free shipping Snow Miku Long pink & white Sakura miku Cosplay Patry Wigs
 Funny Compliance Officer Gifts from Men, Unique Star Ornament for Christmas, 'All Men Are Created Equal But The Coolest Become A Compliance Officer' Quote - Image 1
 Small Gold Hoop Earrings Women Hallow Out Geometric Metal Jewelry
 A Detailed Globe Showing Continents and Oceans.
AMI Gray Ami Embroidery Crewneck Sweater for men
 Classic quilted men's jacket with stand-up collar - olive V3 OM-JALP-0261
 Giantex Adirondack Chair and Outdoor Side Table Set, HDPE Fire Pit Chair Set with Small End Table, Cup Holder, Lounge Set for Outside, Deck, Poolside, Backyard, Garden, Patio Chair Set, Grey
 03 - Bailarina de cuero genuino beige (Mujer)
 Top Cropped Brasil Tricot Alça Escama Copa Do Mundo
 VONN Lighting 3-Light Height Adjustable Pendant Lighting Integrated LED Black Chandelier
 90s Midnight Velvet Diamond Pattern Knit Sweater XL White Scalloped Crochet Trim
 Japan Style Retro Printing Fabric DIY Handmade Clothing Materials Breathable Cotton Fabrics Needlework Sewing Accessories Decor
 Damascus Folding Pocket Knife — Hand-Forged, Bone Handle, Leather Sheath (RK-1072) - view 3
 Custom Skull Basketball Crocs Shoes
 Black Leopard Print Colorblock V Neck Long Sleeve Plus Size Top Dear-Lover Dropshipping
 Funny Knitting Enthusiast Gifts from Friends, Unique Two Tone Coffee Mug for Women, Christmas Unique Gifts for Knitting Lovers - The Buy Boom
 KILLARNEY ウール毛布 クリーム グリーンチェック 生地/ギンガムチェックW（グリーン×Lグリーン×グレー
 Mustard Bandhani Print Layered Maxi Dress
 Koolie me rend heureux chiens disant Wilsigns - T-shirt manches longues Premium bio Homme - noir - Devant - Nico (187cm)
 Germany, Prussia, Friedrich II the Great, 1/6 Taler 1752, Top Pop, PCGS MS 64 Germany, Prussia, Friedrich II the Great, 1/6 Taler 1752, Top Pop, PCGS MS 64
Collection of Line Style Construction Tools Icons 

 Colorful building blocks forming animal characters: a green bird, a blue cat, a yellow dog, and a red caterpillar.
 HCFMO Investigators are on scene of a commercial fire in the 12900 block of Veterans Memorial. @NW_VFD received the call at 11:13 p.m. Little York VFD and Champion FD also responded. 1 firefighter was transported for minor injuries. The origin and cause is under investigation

Work task:
Look back at the entries above. Retype the line with "Black Leopard Print", the line with "Koolie me rend", and all lines in between.

Written solution:
 Black Leopard Print Colorblock V Neck Long Sleeve Plus Size Top Dear-Lover Dropshipping
 Funny Knitting Enthusiast Gifts from Friends, Unique Two Tone Coffee Mug for Women, Christmas Unique Gifts for Knitting Lovers - The Buy Boom
 KILLARNEY ウール毛布 クリーム グリーンチェック 生地/ギンガムチェックW（グリーン×Lグリーン×グレー
 Mustard Bandhani Print Layered Maxi Dress
 Koolie me rend heureux chiens disant Wilsigns - T-shirt manches longues Premium bio Homme - noir - Devant - Nico (187cm)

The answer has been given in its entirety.